> [Data to process]
======

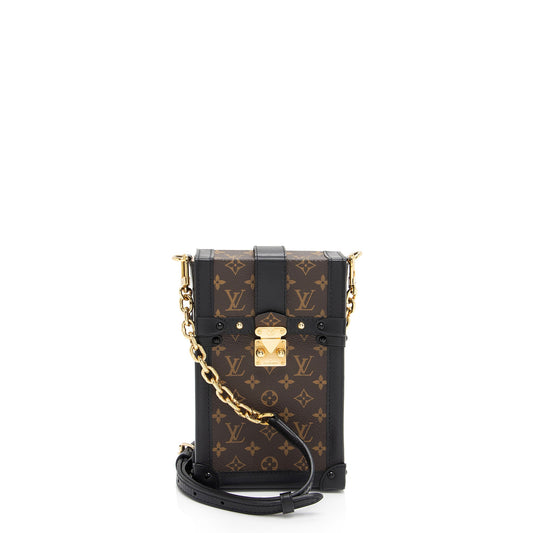 Louis Vuitton Monogram Canvas Pochette Trunk Vertical Shoulder Bag (SHF-9nXL0z)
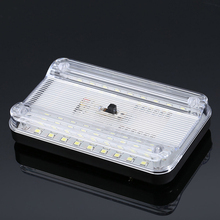 Luz LED de techo Interior para coche, lámpara blanca y Rectangular de 115x72x15mm, 36 SMD, 12V 2024 - compra barato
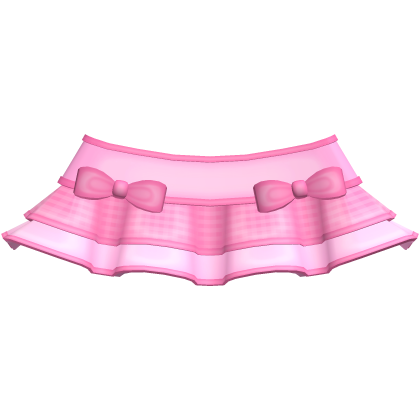 🐾 pink tweencore cute decora plaid bow skirt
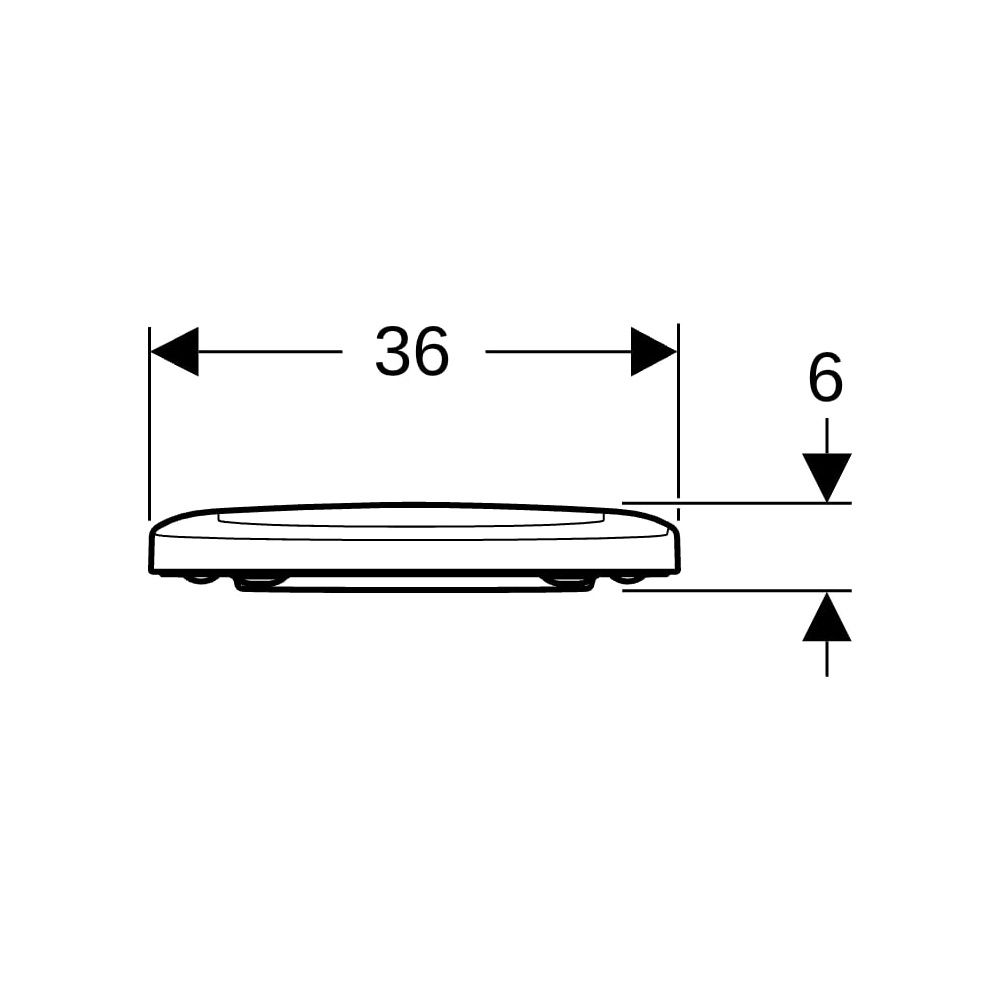 Geberit Renova WC-Sitz Befestigung von oben, Absenkautomatik, mit Quick-Release-Sch... GEBERIT-500836011 4025410726025 (Abb. 14)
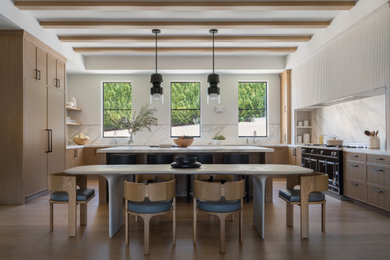 Inspiration for a transitional dining room remodel in San Francisco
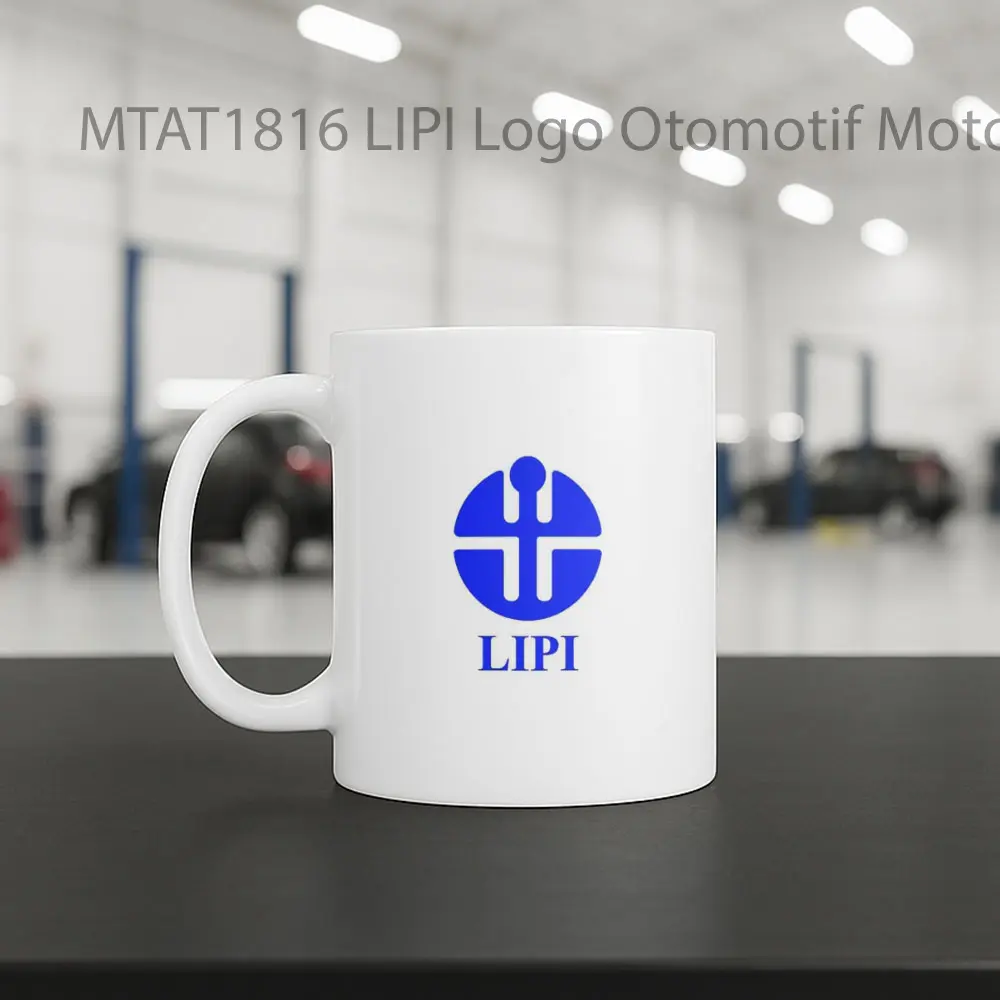 LIPI Logo Otomotif Mug - Sudut 2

======

With the pictures left out, output the lines from the one containing "Inspiration for a" through the last line of the records above, exactly as they are.

 Inspiration for a transitional dining room remodel in San Francisco
 LIPI Logo Otomotif Mug - Sudut 2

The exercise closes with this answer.